New Mimivirus Challenges Evolution Fundamentals
The newly discovered Mimivirus is proving to be a challenging to the basic fundamentals of the evolution of microbe to man tree of life.
The Mimivirus was serendipitously discovered in 1992 while researching Legionellosis, a potentially fatal infectious disease caused by a bacteria belonging to the genus Legionella. Since the new organism appeared to be a bacterium, it was originally named Bradfordcoccus after the city where it was discovered, Bradford, England.
More than a decade later, however, in 2003 researchers at the Université de la Méditerranée in Marseille, France published a paper in Science re-classifying Bradfordcoccus as a virus, not a bacteria. Therefore, Bradfordcoccus was re-named Acanthamoeba polyphaga mimivirus−mimivirus short for “mimicking microbe”.
While the Mimivirus is now classified by the International Committee on Taxonomy of Viruses as a virus, the genome size is larger than some bacteria with 1,181,404 DNA base pairs in length making it the largest viral genome in scientific knowledge, outstripping the next-largest virus genome by about 450,000 base pairs.
Since the size of Mimivirus is as large as a number of bacterial species, such as Rickettsia conorii and Tropheryma whipplei, and possesses a genome size greater than an number of bacterial species and codes for products previously not thought to be encoded by viruses, the most interesting question is whether the Mimivirus could qualify as a transitional evolutionary form between viruses and bacteria as would be predicted by Charles Darwin‘s theory of evolution.

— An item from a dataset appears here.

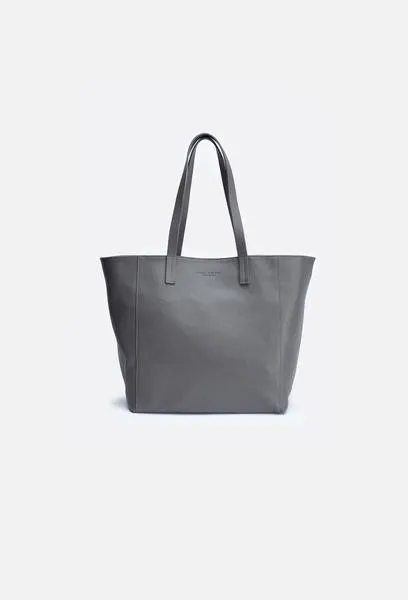Portia Tote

In The Origin of Species, Charles Darwin argued that evolution by “natural selection generally acts with extreme slowness …by accumulating slight, successive, favorable variations.” In the virus to bacteria world, then, what are the known “slight, successive” changes between the virus and bacteria, if any?
With twenty-first century technology, the search for the “slight, successive” changes was anticipated to reveal Darwin’s Tree of Life. In these details, however, rather than filling the missing link gaps, new problems emerged.

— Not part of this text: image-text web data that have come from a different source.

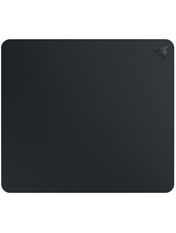 Ігрова поверхня Razer Atlas Black Black (RZ02-04890100-R3M1)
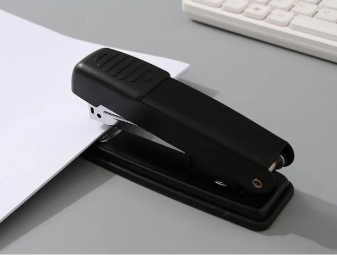 Stapler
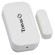 Беспроводной датчик открытия окон/дверей Tervix Pro Line ZigBee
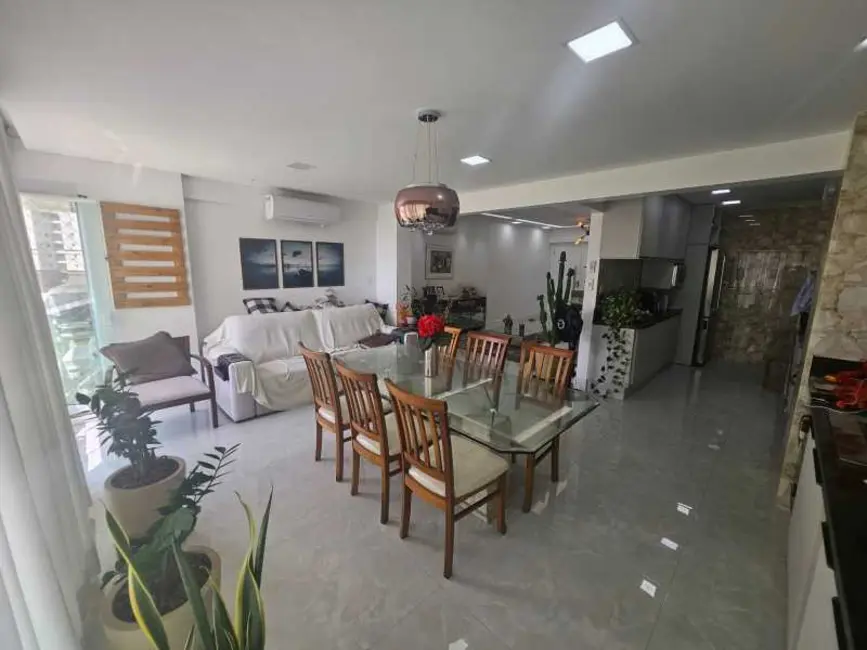 Foto 1 de Apartamento com 2 quartos à venda, 110m2 em Salvador - BA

These problems include the number of genes. Unlike other viruses, the Mimivirus with an estimated 979 protein-coding genes far exceeds the typical number for a virus. Also, the genome of the Mimivirus has types of genes not seen in any other viruses, including aminoacyl tRNA synthetases.
In particular, the Mimivirus contains genes coding for nucleotide and amino acid synthesis that have not even been found in some bacterial species. Not only is Mimivirus unlike other viruses, the Mimivirus is even more advanced than many bacteria.
Complicating the distinction between viruses and bacteria further was the discovery in 2011 by researchers off the coast of Chile – an even larger virus than Mimivirus, a virus named a Megavirus with 1,259,197 DNA base-pairs. The Megavirus genome has been fully sequence and what’s missing are Darwin’s “slight, successive” changes. Even between these two closely related virus species only 50% of the genes are identical and only 23% of the resulting proteins show similarity.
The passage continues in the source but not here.